With the new bus-contracting model, a good way to separate the two functions will be to have the regulatory function assigned to another, independent entity, such as the Ministry of Transport.
One missing feature that can be incorporated into the bus-contracting model is published and strictly adhered-to timetables for the bus services.
All major cities in the world operate bus services on published timetables. This requires that 100 per cent of the services be performed.
Currently, the LTA lets operators get away with performing only 96 per cent of the scheduled trips without a penalty.
As a result, operators do not have any standby drivers in case one of the scheduled drivers reports sick or otherwise fails to show up. Instead, the scheduled frequency is then adjusted for the reduced number of buses operated.

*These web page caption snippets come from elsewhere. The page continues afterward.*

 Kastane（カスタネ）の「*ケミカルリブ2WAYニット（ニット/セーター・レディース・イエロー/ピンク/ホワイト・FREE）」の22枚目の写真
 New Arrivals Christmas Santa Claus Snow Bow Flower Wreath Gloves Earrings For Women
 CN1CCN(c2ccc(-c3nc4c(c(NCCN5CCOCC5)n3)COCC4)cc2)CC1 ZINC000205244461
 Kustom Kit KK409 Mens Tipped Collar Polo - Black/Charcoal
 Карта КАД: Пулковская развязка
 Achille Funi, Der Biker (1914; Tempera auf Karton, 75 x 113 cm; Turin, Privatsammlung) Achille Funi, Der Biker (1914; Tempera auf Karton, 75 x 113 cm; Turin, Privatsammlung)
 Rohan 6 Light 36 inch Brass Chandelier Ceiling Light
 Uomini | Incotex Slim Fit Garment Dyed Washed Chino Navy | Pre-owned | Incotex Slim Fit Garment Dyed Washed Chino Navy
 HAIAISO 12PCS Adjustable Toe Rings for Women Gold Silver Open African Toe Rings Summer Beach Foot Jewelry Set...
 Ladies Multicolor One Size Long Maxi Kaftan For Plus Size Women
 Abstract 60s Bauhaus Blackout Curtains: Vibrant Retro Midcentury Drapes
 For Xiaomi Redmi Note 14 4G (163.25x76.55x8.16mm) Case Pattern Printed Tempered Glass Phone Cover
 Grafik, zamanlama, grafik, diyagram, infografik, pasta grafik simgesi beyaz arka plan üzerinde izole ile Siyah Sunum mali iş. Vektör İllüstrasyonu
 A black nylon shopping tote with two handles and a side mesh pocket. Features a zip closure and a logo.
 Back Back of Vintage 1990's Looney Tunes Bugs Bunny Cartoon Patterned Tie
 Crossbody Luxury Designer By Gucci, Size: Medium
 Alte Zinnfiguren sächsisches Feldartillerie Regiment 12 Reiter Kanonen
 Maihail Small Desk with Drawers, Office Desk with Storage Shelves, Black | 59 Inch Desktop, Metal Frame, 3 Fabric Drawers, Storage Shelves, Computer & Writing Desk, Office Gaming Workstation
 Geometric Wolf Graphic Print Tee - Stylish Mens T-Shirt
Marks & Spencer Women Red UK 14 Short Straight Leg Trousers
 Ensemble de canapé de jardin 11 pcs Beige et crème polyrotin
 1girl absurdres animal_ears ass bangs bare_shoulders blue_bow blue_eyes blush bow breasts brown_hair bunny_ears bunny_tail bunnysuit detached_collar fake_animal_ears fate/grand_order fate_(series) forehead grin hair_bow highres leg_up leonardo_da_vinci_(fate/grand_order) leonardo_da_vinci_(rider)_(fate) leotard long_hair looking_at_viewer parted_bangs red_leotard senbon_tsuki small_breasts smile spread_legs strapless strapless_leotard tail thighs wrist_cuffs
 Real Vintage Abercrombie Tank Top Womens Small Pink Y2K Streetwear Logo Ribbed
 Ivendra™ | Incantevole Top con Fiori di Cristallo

In order to properly monitor timetable adherence, timing stops need to be identified and strictly monitored.
This can be done with the analysis of the ez-link database and does not require any costly, high-technology systems.
Examples of this approach can readily be found in Australian cities visited by the Ministry of Transport.
The MRT was originally designed to provide basic service for the heavy movements in major corridors where rail service is far more efficient than bus services. To that extent, even improved bus services will not be able to replace the MRT.
Unfortunately, the lack of proper attention by the LTA to the upgrading needs of the original MRT North-South and East-West lines, such as the long overdue replacement of the outdated signalling system, have caused the MRT's current lack of adequate capacity and hence popularity.
The LTA will have to prove its capability to plan for more appropriate bus services, given that the current routes are anything but efficient and often far too long to operate reliably. The LTA needs to find the relevant talent to plan better bus services.
With the LTA planning the bus routes and presumably the required frequency of service, who will be responsible for determining a realistic and achievable timetable and hence the required number of buses?
Will it be the LTA or the bus operator bidding for the route?
This is an important issue that does not seem to have been addressed by the LTA's announced changes.
If the LTA establishes the timetable, which then turns out not to be achievable, then who will hold the LTA responsible?
If the task is to be part of the bus operator bidding for the contract, then the LTA will need to provide all the necessary data available to establish a realistic and achievable timetable. A clear indication of the process is required from LTA.
The writer, a veteran transport consultant, was closely involved in planning for the MRT in Singapore in the 1970s.